Self-scanning seems to mean that the stores lose profit; customers, who appear to benefit from conversation and engagement with shop assistants lose community; whilst those who are desperate to find work lose opportunity. 

Even ECOBAGS, which are designed to help supermarkets become more sustainable, have also been found to accommodate shoplifting. Hessian bags created to reduce resource carbon evidently are a useful aid to shoplifters. They provide an alibi during some crime scripts where the shoplifter can pretend that the unpaid goods in their bags (to be stolen from the store) have been purchased on a previous shopping trip. Some thieves work with an accomplice and a hessian bag, after buying legitimate goods, use the receipt almost as protection to enable them to feel safe in stealing the same items again and again.

 

Investment in Design Education

This article has focused on three of the many shoplifting scams that thieves use, namely magic bags, ECOBAGS, and shop theft techniques that occur using self-scanners. In visualising these and other shoplifting scams, I did not aim to present an exhaustive account of common shoplifting perpetrator techniques, simply one that is instructive. Obviously the expanded techniques I describe are not new crimes, they are just new ways to commit old crimes by innovating and adapting to new technology and new opportunities. 
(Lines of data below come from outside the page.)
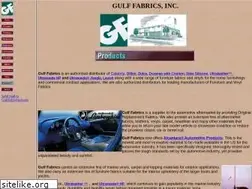 Sites similar to gulffabrics.com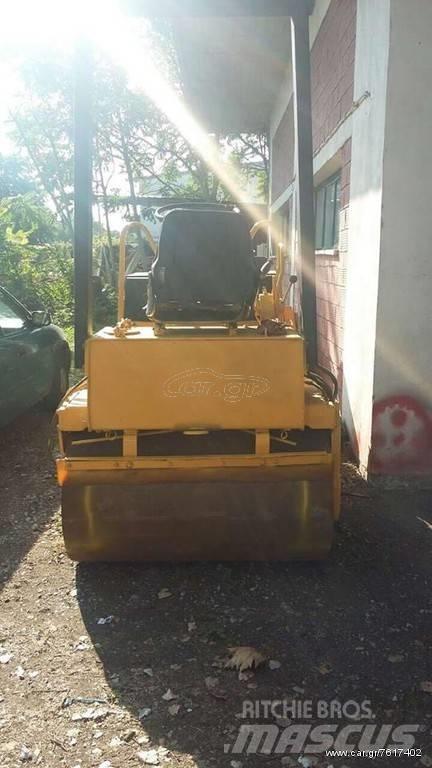 Bomag 120 Çift tamburlu silindirler
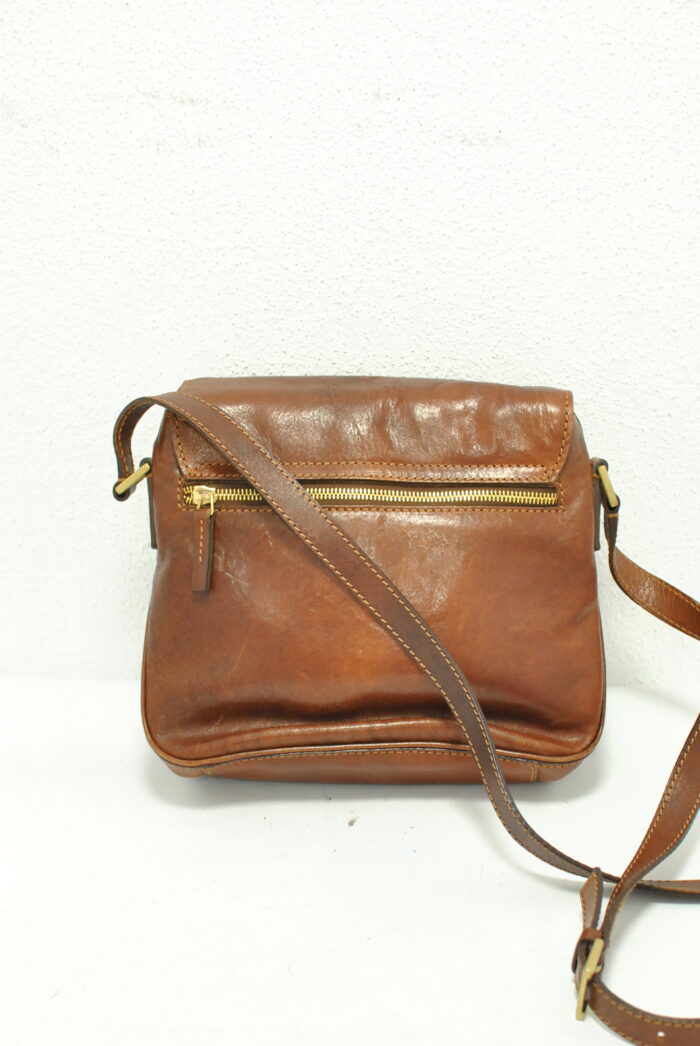 The Bridge geanta vintage de piele model mesager - imagine 8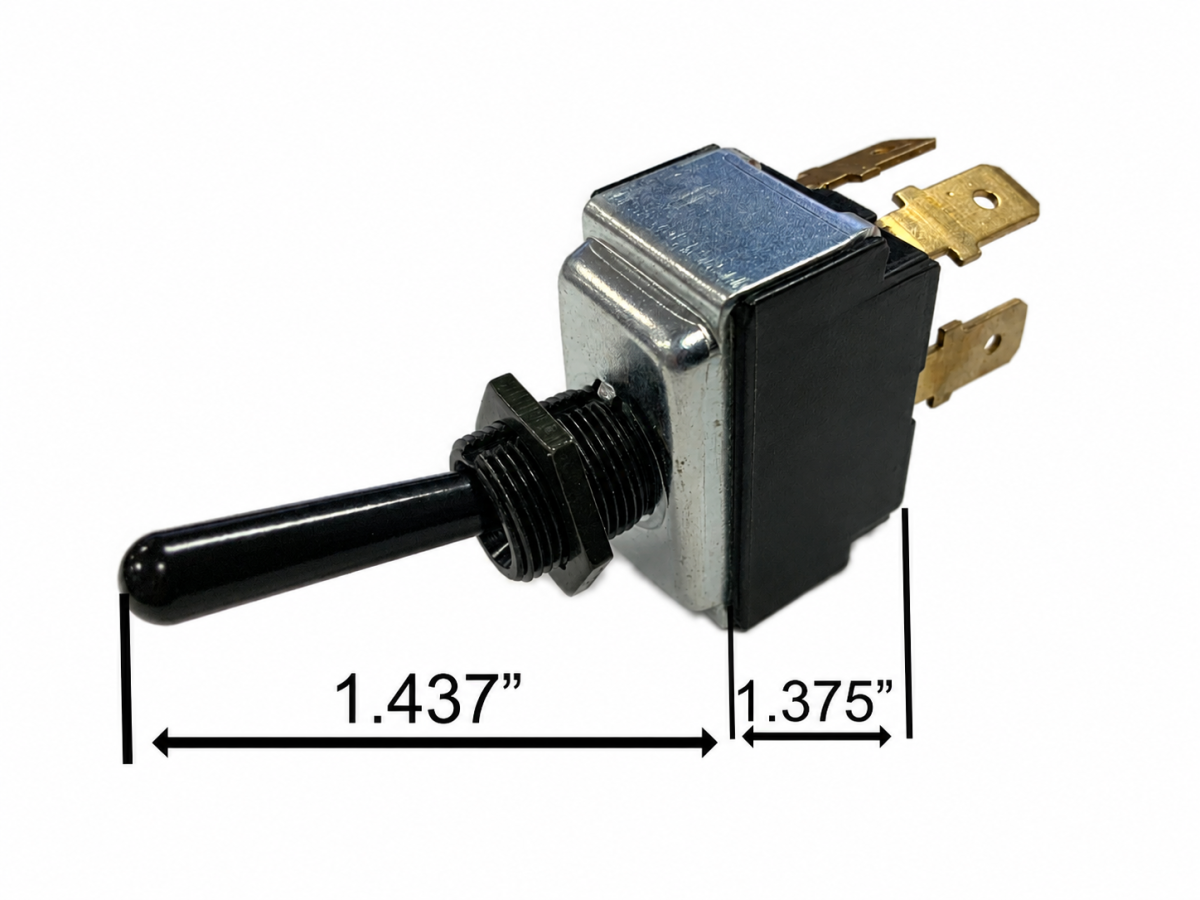 TOGGLE SWITCH DPST PETERBILT 16-04830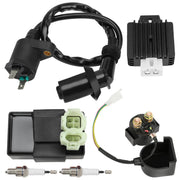 GREHUA front kit packed showing all included parts and faster repairs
One of the reasons why I enjoy documenting and visualising such crime scams is that I teach designers to design against many types of crime. If you want to involve designers in preventing crime through canny design, it is very important that you first make sure they understand precisely how thieves do it. 

Design can deliver the sort of creativity needed in our stores that will look good on the eye, increase spend at the checkout, and really work to thwart thieves. This is unlikely to be delivered by discourses from crime prevention, security consultants, or short-term retail thinking or technological reliance. The problems are complex and competing objectives often need to be reconciled and addressed. 

Design can provide a paradigm shift, but designers need to be given equal respect as crime science or security consultants. Design is not the bit that should simply be added on at the end to the design against crime process. To find robust solutions to shoplifting, designers and what Tim Brown in his book Change by Design: How Design Thinking Transforms Organizations and Inspires Innovation calls “design thinking” needs to be part of the whole process so designers can identify the multiple drivers and do their best to address them. 

To achieve this, more investment in design education is needed by the retail industry that could make a difference in the long term to reduce the growing problem of shoplifting. New courses, curriculum, and design prizes as well as jobs are needed to encourage design schools and tutors that it is worth “having a go.”

Lorraine Gamman is Professor and Design Director for the Design Against Crime Research Centre, Central Saint Martins College of Arts and Design, University of the Arts, London.